From the outset, Duncan Phillips intended that this gallery in the nation’s capital was to be a champion for the country’s artists. He devoted his life to finding, fostering, and collecting the very best of American art, particularly the work of living artists guided by their individual visions, rather than by popular trends. Over the course of 50 years Phillips built a world-class collection of nearly 2,000 works of modern art of which 1,400 were American, most of them acquired while the artists were alive and actively exhibiting.
The Phillips Collection’s in-depth holdings of American art is broad in scope, yet cannot be characterized as encylopedic. His romantic nature searched for the exceptional and the independent, often choosing to collect in-depth the work of certain artists, i.e., Milton Avery, Arthur Dove and John Marin, among many, while choosing one or two exceptional works for others like Thomas Eakins, Winslow Homer, and Edward Hopper. As a result, the collection of American works he assembled can be understood as revelatory of the changing character of American art in the 20th century. Phillips’s commitment propelled The Phillips Collection to become a leader in American art, with a collection of works that are deeply personal, yet connected to the great traditions of past and present. Phillips was determined to lift emerging American modernism out of obscurity, while also advocating for a creativity that expressed the country’s demographic and ethnic diversity. It was this “fusion of various sensitivities” and “unification of differences,” as Phillips described it, which was to be celebrated as the defining character of the nation’s art.
Made in the USA
In 2014, the Phillips presented the exhibition Made in the USA: American Masters from The Phillips Collection, 1850-1970, the most comprehensive on-site installation of the museum’s American collection ever undertaken.
Phillips always wanted the museum to be a place where artists went to look at great art from the past as well as the art of their contemporaries. Artist Kenneth Noland said “going to the Phillips was like going to church” and admired not only the Klee Room, but Albert Pinkham Ryder’s Moonlit Cove, and the work of Arthur Dove and Georgia O’Keeffe. Richard Diebenkorn acknowledged that Henri Matisse’s Studio, Quai St.

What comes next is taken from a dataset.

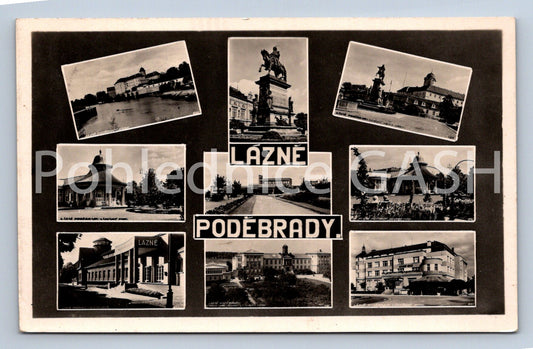 Postcard LÁZNĚ PODEBRADY - COLLAGE (ST6528)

Michel had been “coming out in his work for decades” after having studied while stationed at Quantico during WWII and spoke reverently about his regular visits nearly every weekend to the Phillips which he stated was “a refuge, a sanctuary for me to absorb everything on those walls,” and Sam Gilliam, who was impressed by Augustus Vincent Tack’s Aspiration in the stairwell and also by Arthur Dove’s Flour Mill II.